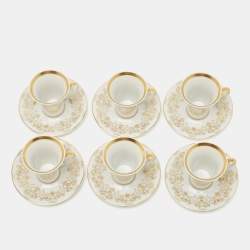 Rosenthal Meets Versace Gold/White Medusa Gala Espresso Cup and Saucer Set Of 6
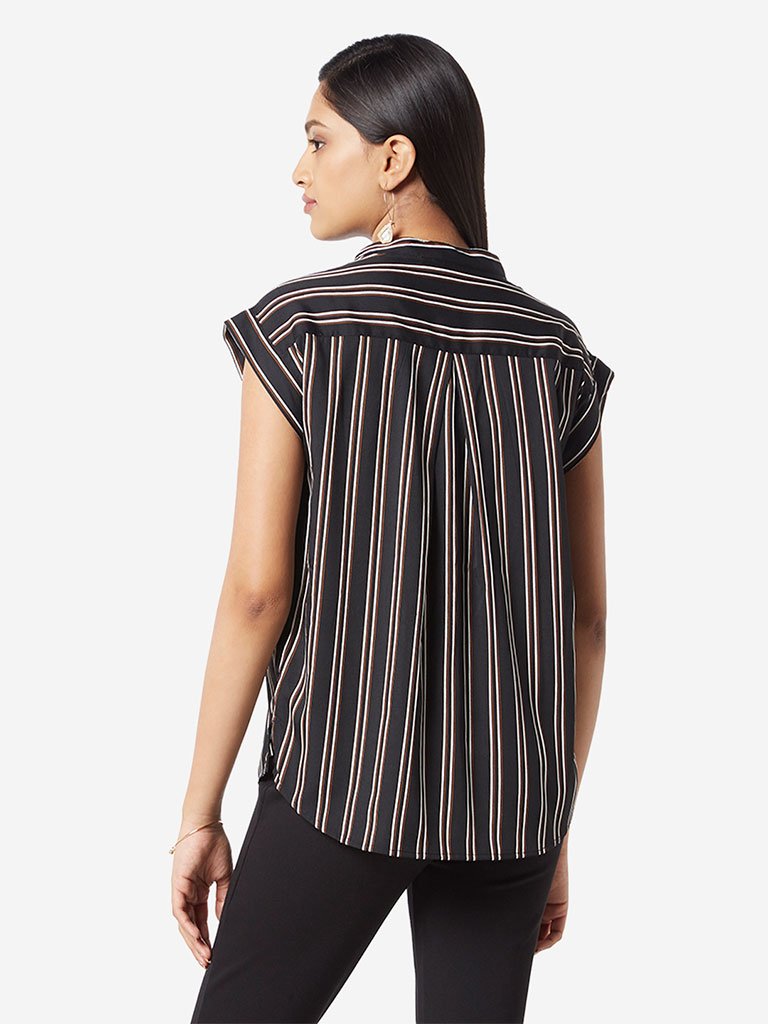 Wardrobe Black Striped High-Low Tessa Top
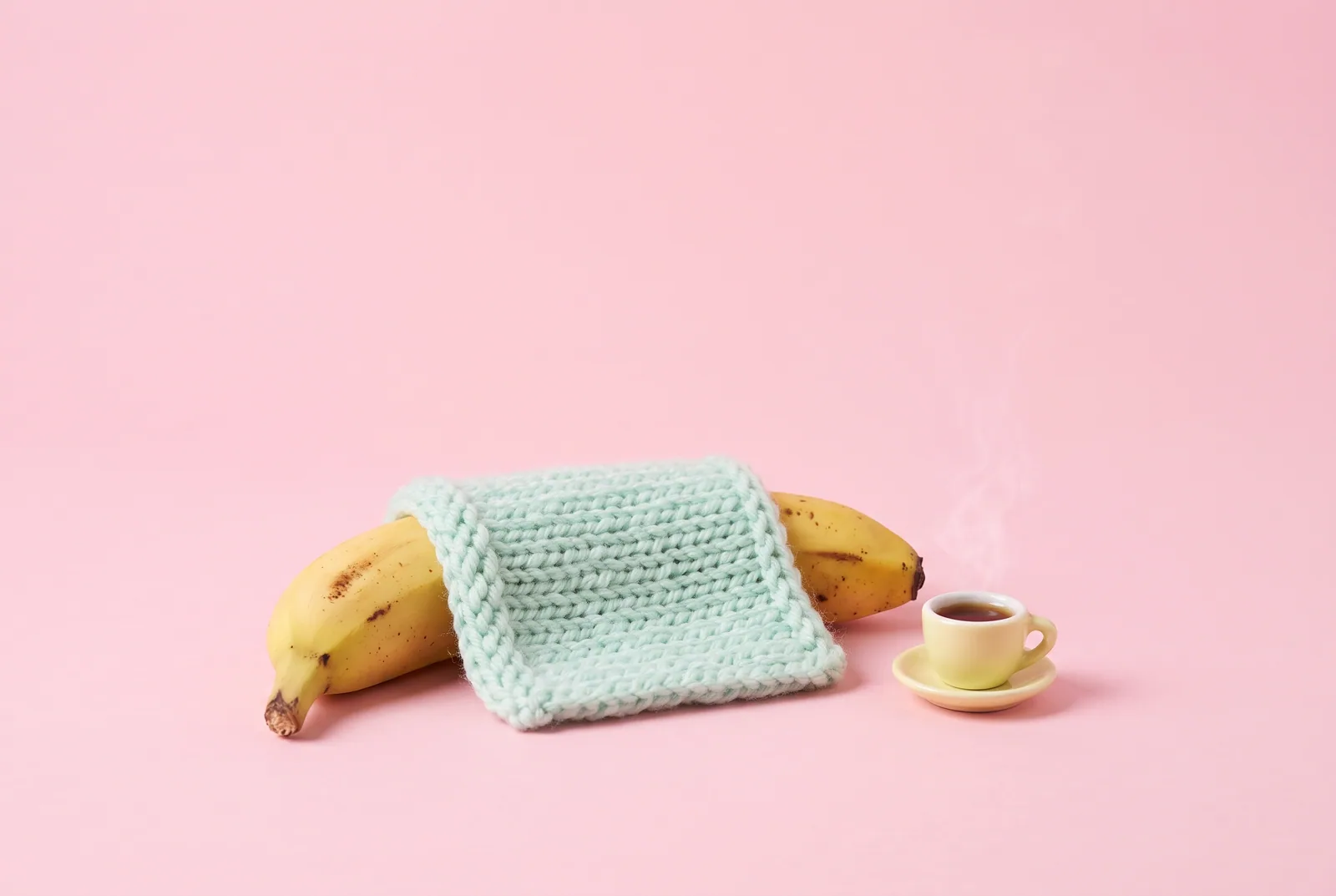 A bruised banana under a knitted blanket with tea, kind self-talk that stops the chaser effect turning into a binge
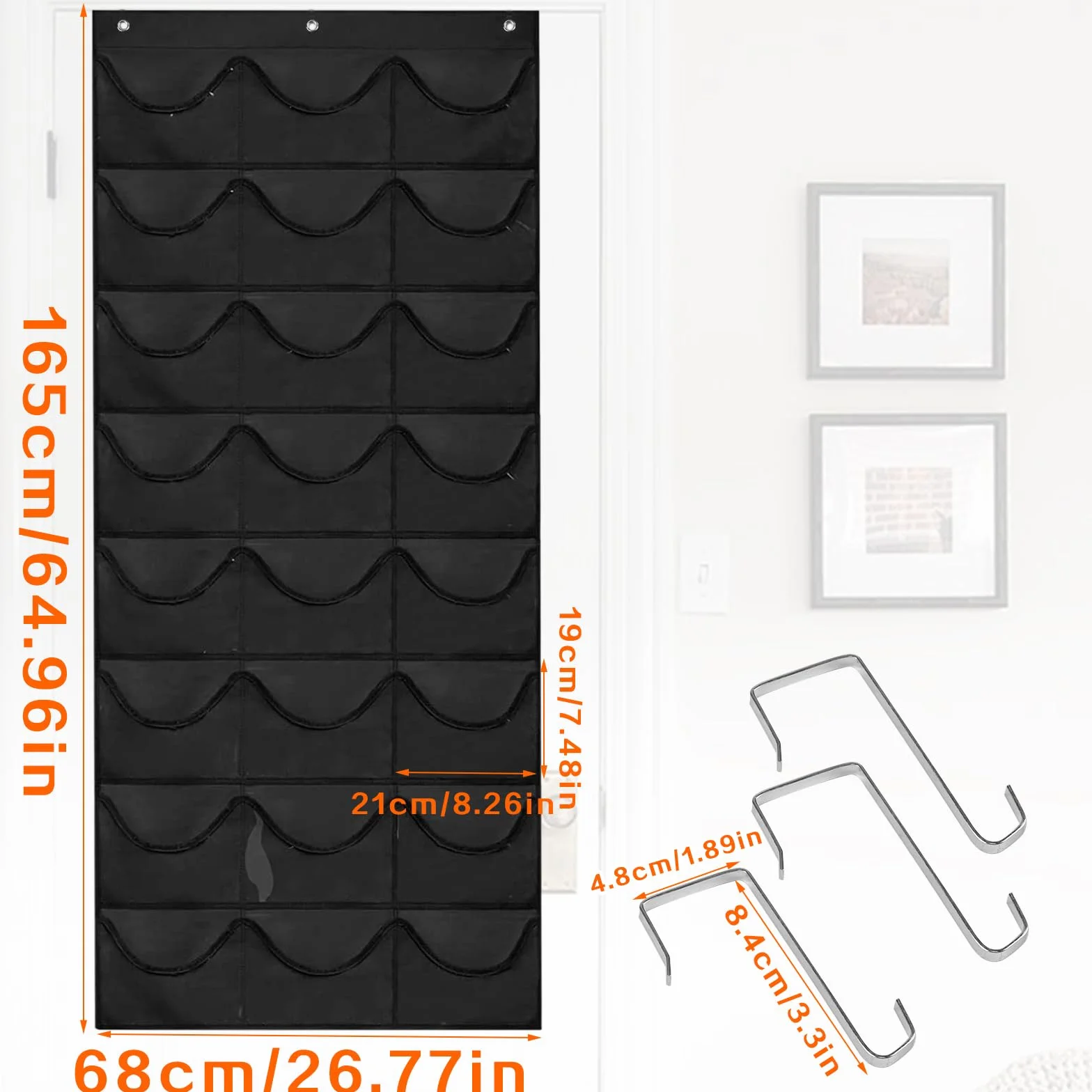 Porta Cappelli da Baseball 24 Tasche Organizer Sulla Porta Nero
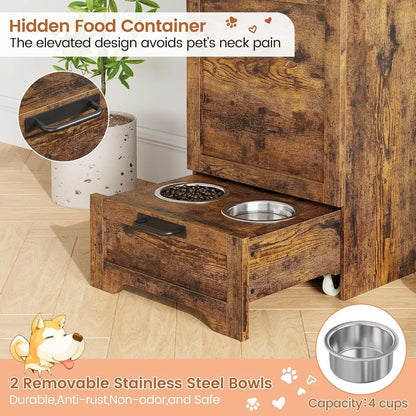 Large Dog Food Storage Cabinet with Hidden Feeding Station & Stainless Steel Bowls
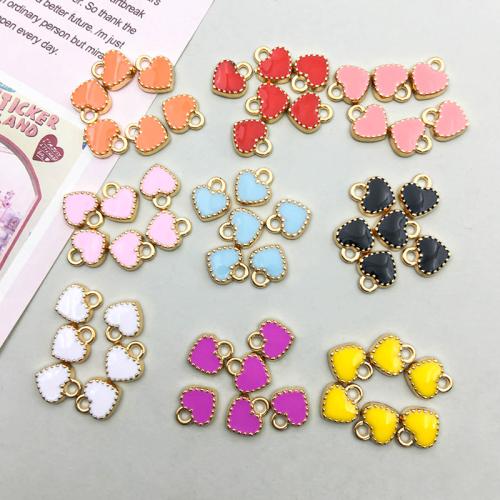 Pendentifs émail, alliage de zinc, coeur, Placage de couleur d'or, DIY, plus de couleurs à choisir Vendu par sac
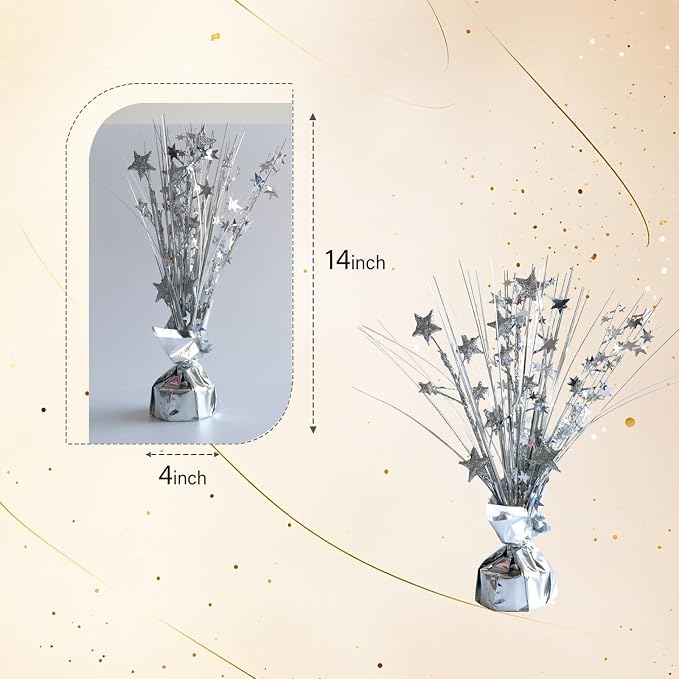 12 Pack Metallic Sliver Foil Spray Centerpieces Stars Brust Table Centerpieces - Image 6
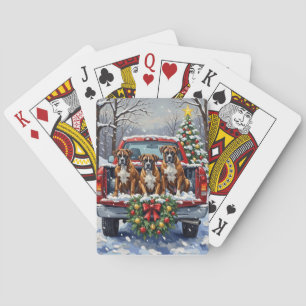Baraja De Cartas Camión Rojo de Navidad Boxer Festa
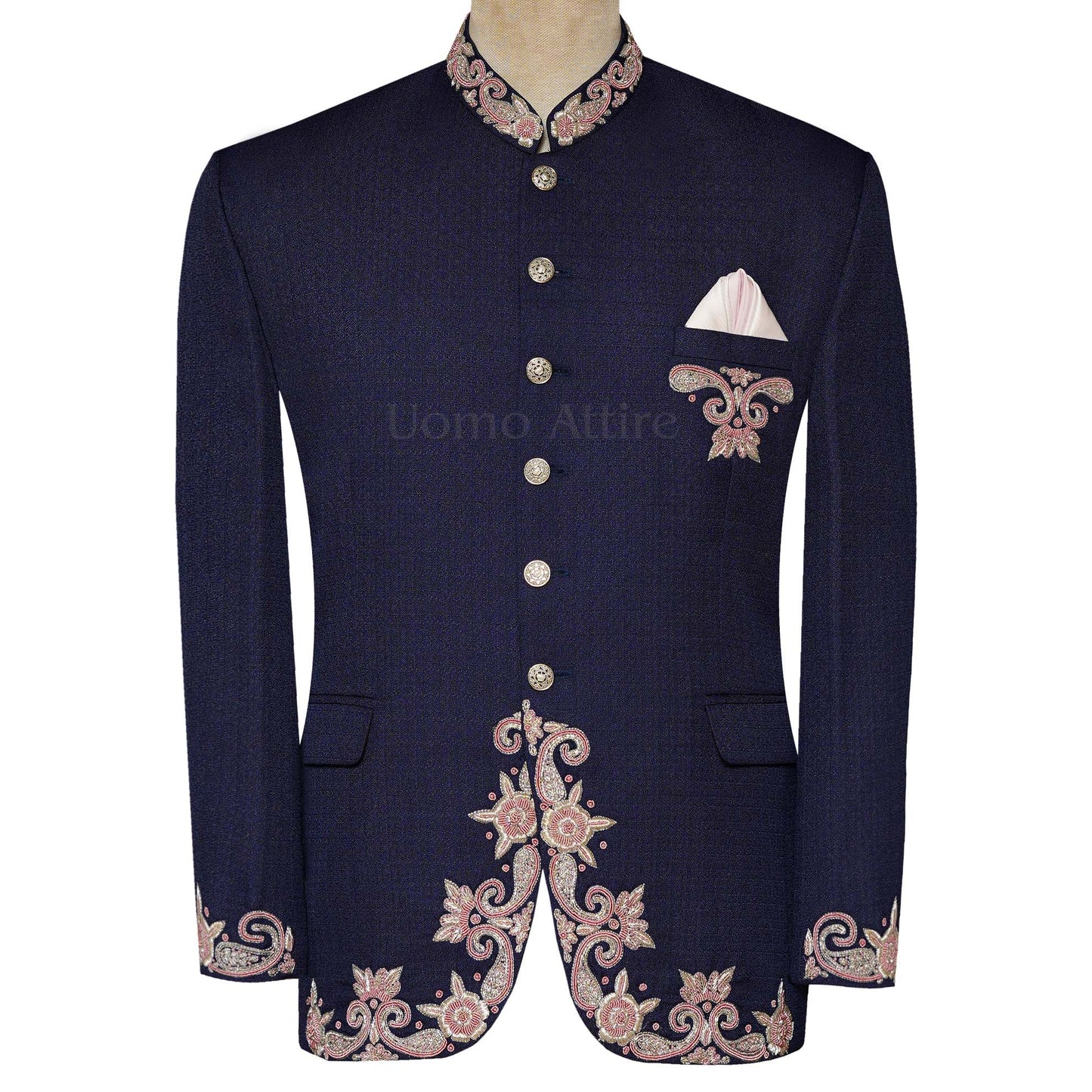 Blue Wedding Prince Coat For Men With Tea Pink Handwork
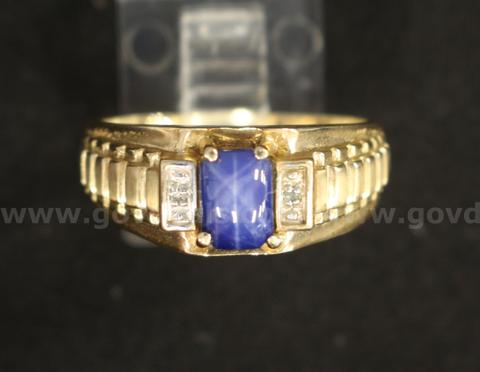 10K Yellow Gold Ring With Synthetic Blue Sapphire & Diamonds, 4.6 Grams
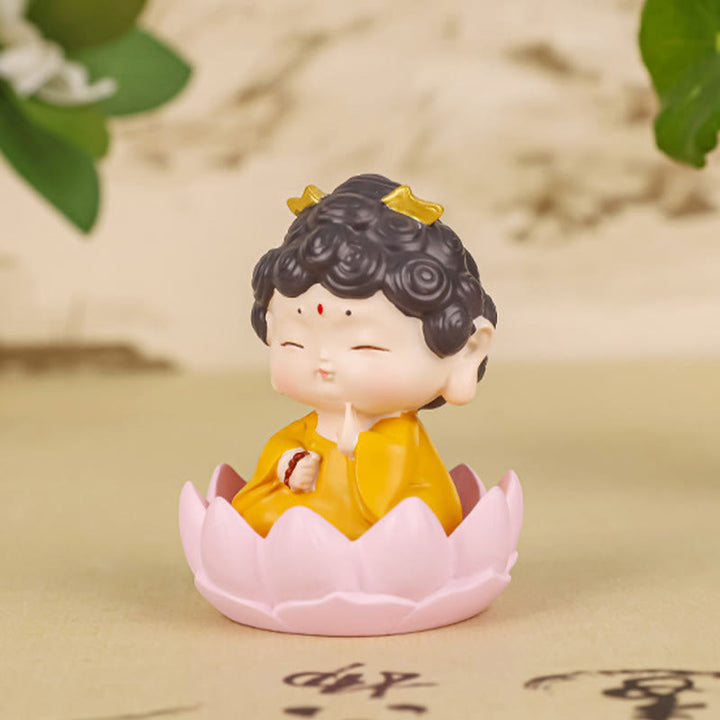 Estatua de resina de Buddha Stones Amitabha con loto para meditación y piedras de Buda, decoración del hogar con compasión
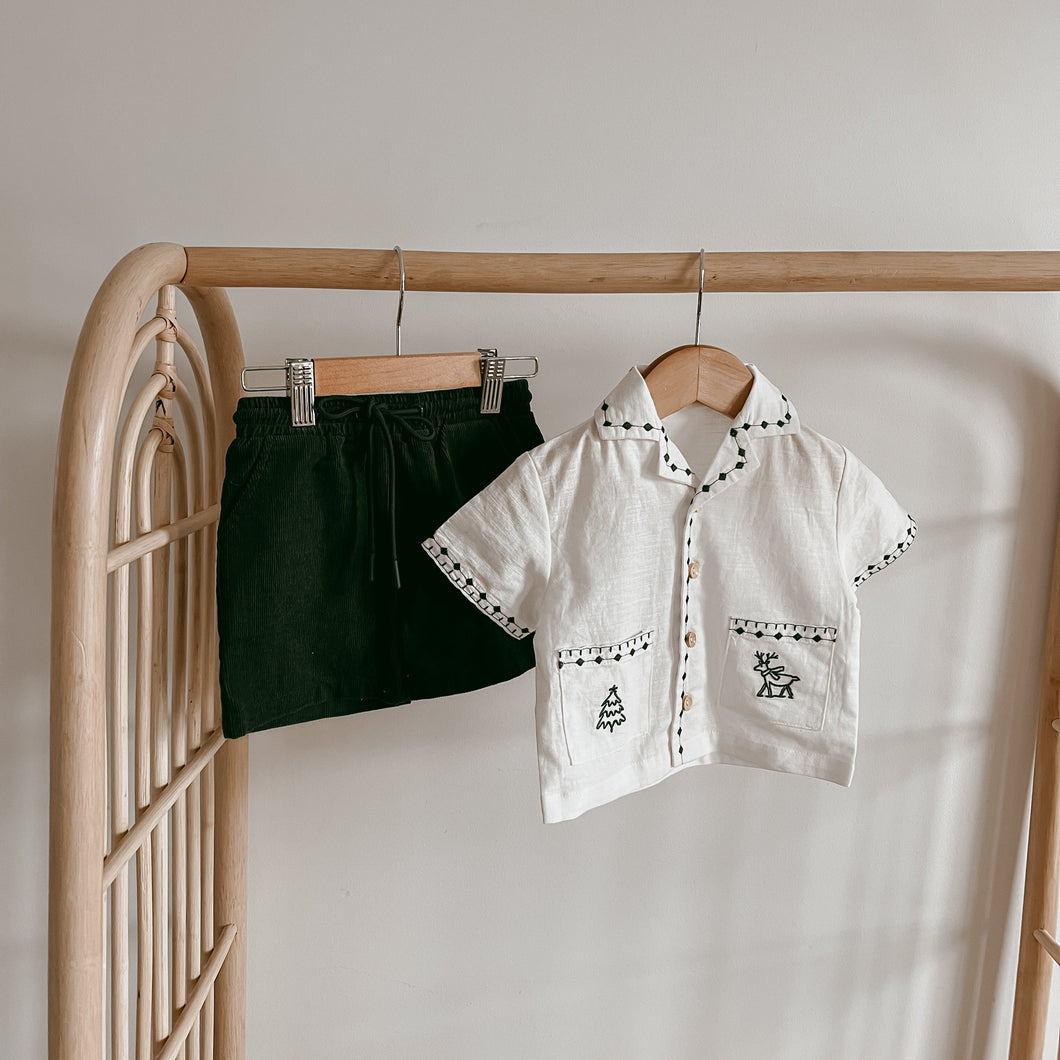 Kid's Embroidered Christmas Button Down & Corduroy Shorts Bundle - Green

- What is required: When you write out the material, reproduce each line exactly and omit any picture it holds.

- Answer section:
 Rosenthal Meets Versace Gold/White Medusa Gala Espresso Cup and Saucer Set Of 6
 Wardrobe Black Striped High-Low Tessa Top
 A bruised banana under a knitted blanket with tea, kind self-talk that stops the chaser effect turning into a binge
 Porta Cappelli da Baseball 24 Tasche Organizer Sulla Porta Nero
 Large Dog Food Storage Cabinet with Hidden Feeding Station & Stainless Steel Bowls
 Pendentifs émail, alliage de zinc, coeur, Placage de couleur d'or, DIY, plus de couleurs à choisir Vendu par sac
 12 Pack Metallic Sliver Foil Spray Centerpieces Stars Brust Table Centerpieces - Image 6
Baraja De Cartas Camión Rojo de Navidad Boxer Festa
 Blue Wedding Prince Coat For Men With Tea Pink Handwork
 10K Yellow Gold Ring With Synthetic Blue Sapphire & Diamonds, 4.6 Grams
 Estatua de resina de Buddha Stones Amitabha con loto para meditación y piedras de Buda, decoración del hogar con compasión
 Kid's Embroidered Christmas Button Down & Corduroy Shorts Bundle - Green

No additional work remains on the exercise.